> ABOUT THIS TASK: A word-for-word copy of the data is what's wanted, with no pictures.

> GIVEN MATERIAL:
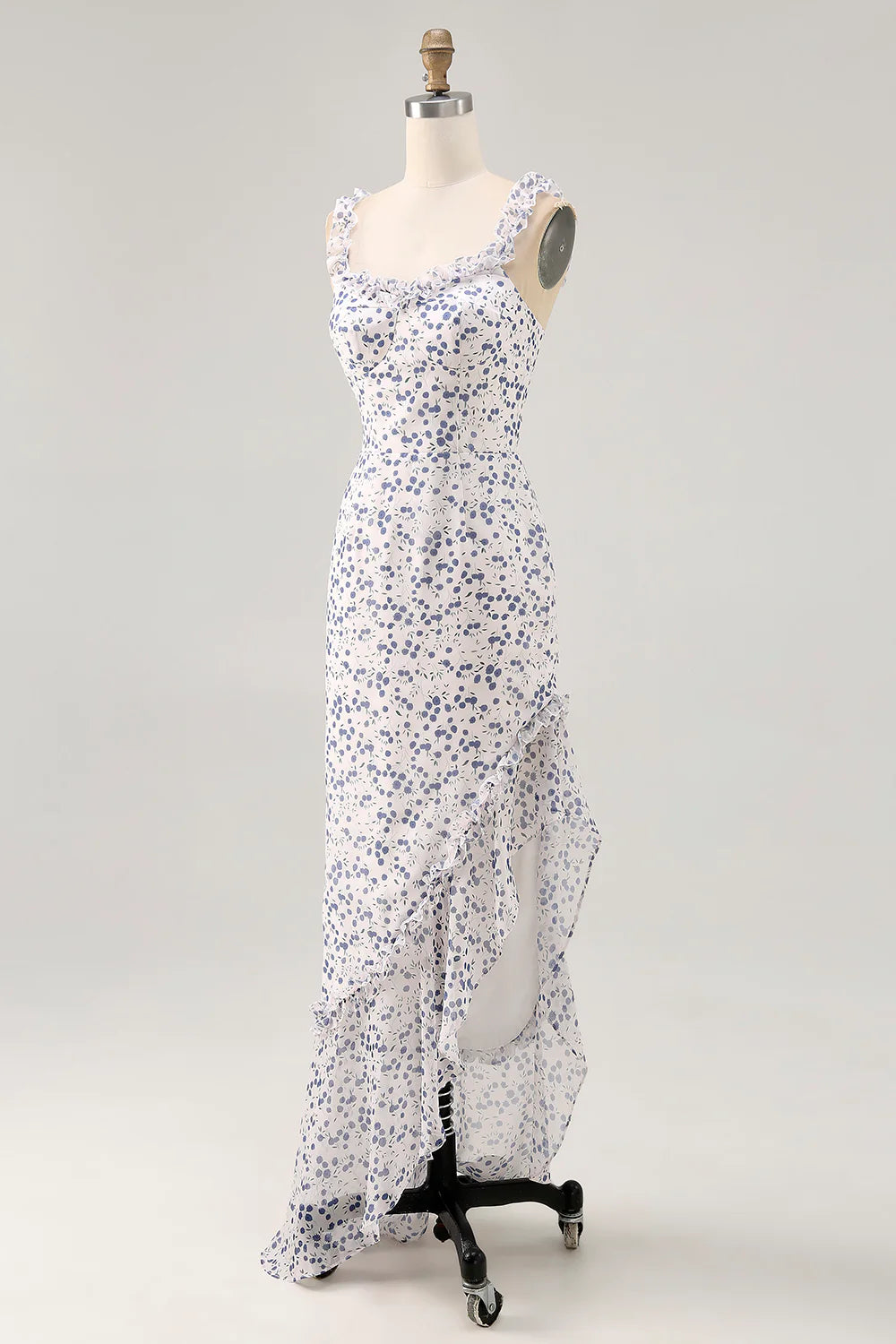 Blue Flower Sheath Chiffon Bridesmaid Dress with Ruffled Slit
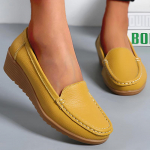 mood Ehtne nahk Naiste korterid Moodne kiil Pehmed naiste kingad Slip-on Naiste kingad Mokassiinid Retro Suurused Tenis Feminino 35 kollane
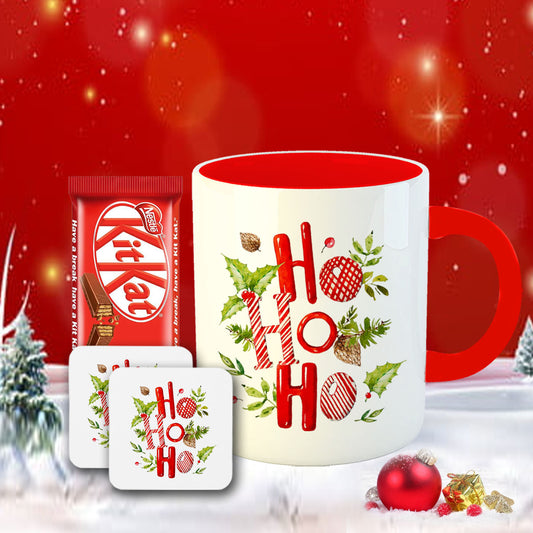 Chillaao HO HO HO Coffee Mug With Coaster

> RESPONSE:
 Blue Flower Sheath Chiffon Bridesmaid Dress with Ruffled Slit
 mood Ehtne nahk Naiste korterid Moodne kiil Pehmed naiste kingad Slip-on Naiste kingad Mokassiinid Retro Suurused Tenis Feminino 35 kollane
 Chillaao HO HO HO Coffee Mug With Coaster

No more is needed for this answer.